● Instructions to follow
Omit all images, then repeat exactly the lines below from the one containing "Lexus RZ 450e" through the one containing "Ford F-150 XLT", both ends included.

● Data for this exercise
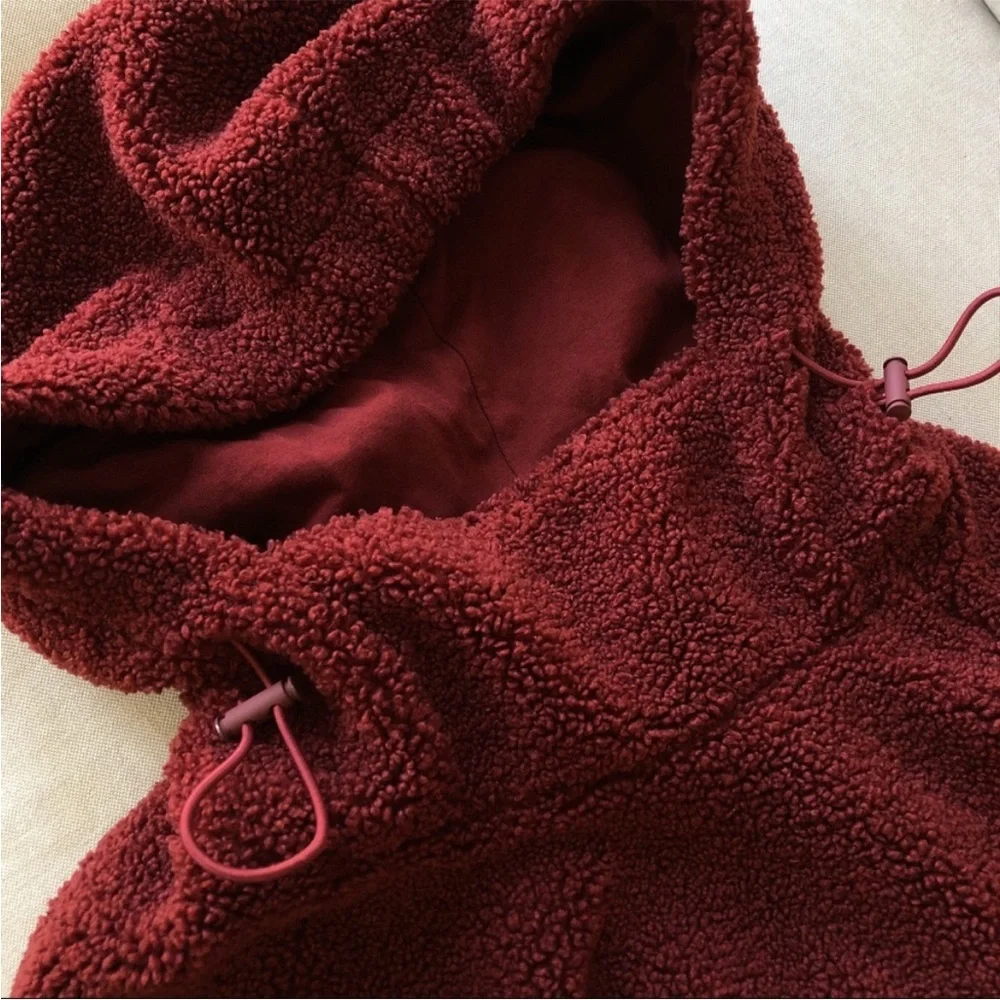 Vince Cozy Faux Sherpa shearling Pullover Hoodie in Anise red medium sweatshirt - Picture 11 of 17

* * *

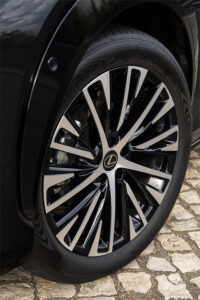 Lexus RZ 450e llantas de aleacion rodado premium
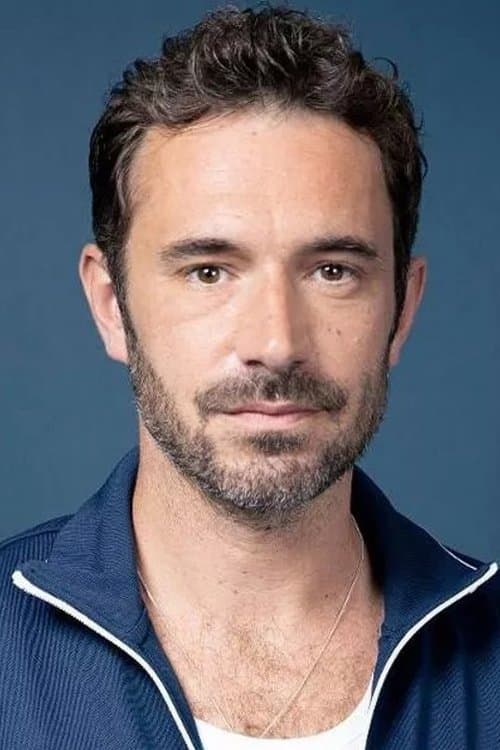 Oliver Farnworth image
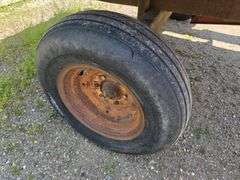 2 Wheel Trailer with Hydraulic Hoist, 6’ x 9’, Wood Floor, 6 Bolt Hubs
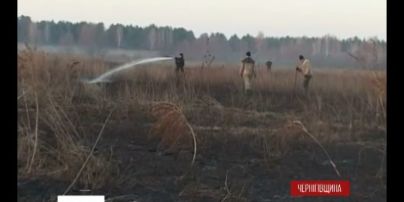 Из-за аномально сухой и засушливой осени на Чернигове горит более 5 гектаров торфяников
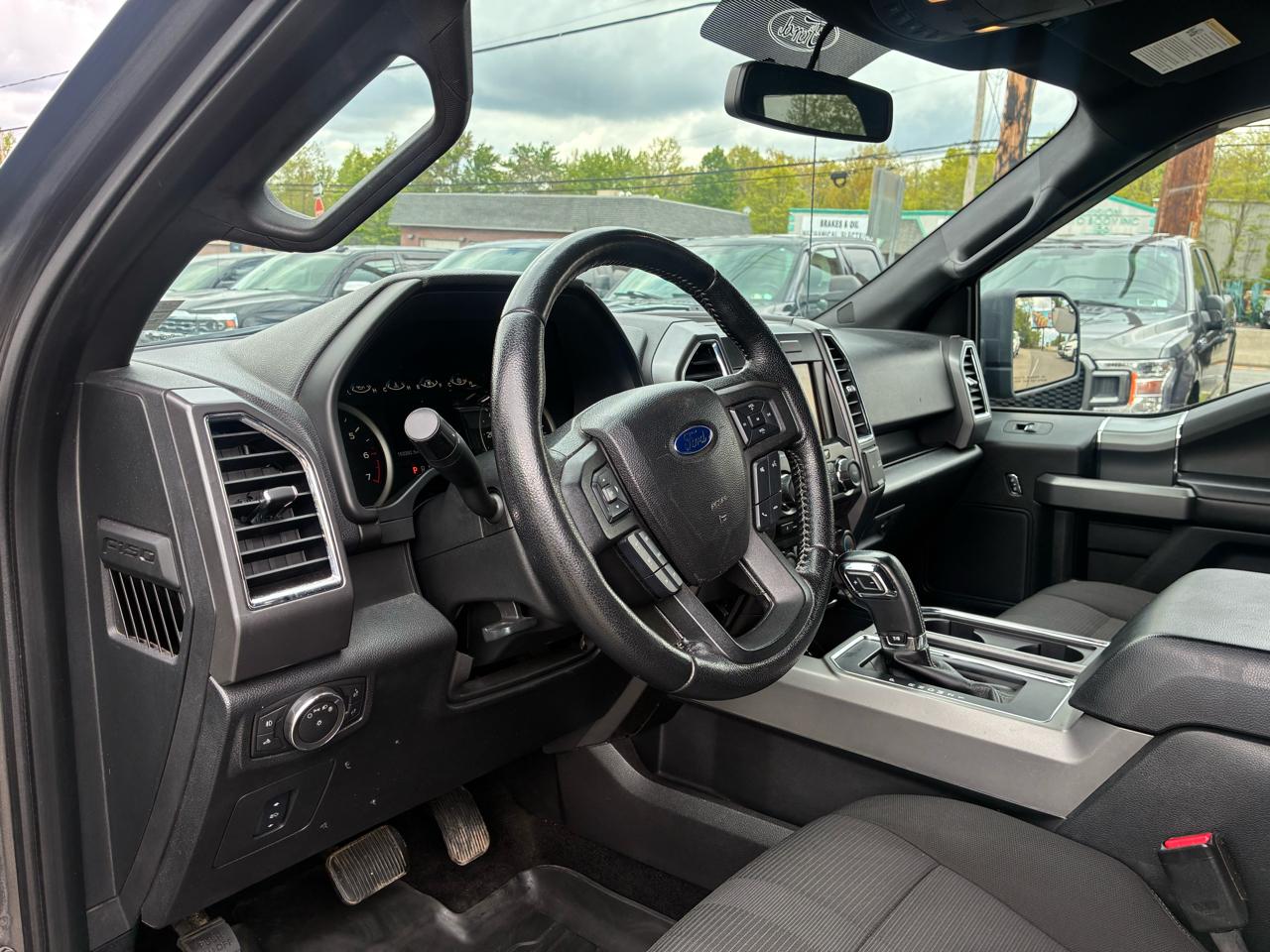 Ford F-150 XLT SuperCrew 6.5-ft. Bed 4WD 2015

● Task response
 Lexus RZ 450e llantas de aleacion rodado premium
 Oliver Farnworth image
 2 Wheel Trailer with Hydraulic Hoist, 6’ x 9’, Wood Floor, 6 Bolt Hubs
 Из-за аномально сухой и засушливой осени на Чернигове горит более 5 гектаров торфяников
 Ford F-150 XLT SuperCrew 6.5-ft. Bed 4WD 2015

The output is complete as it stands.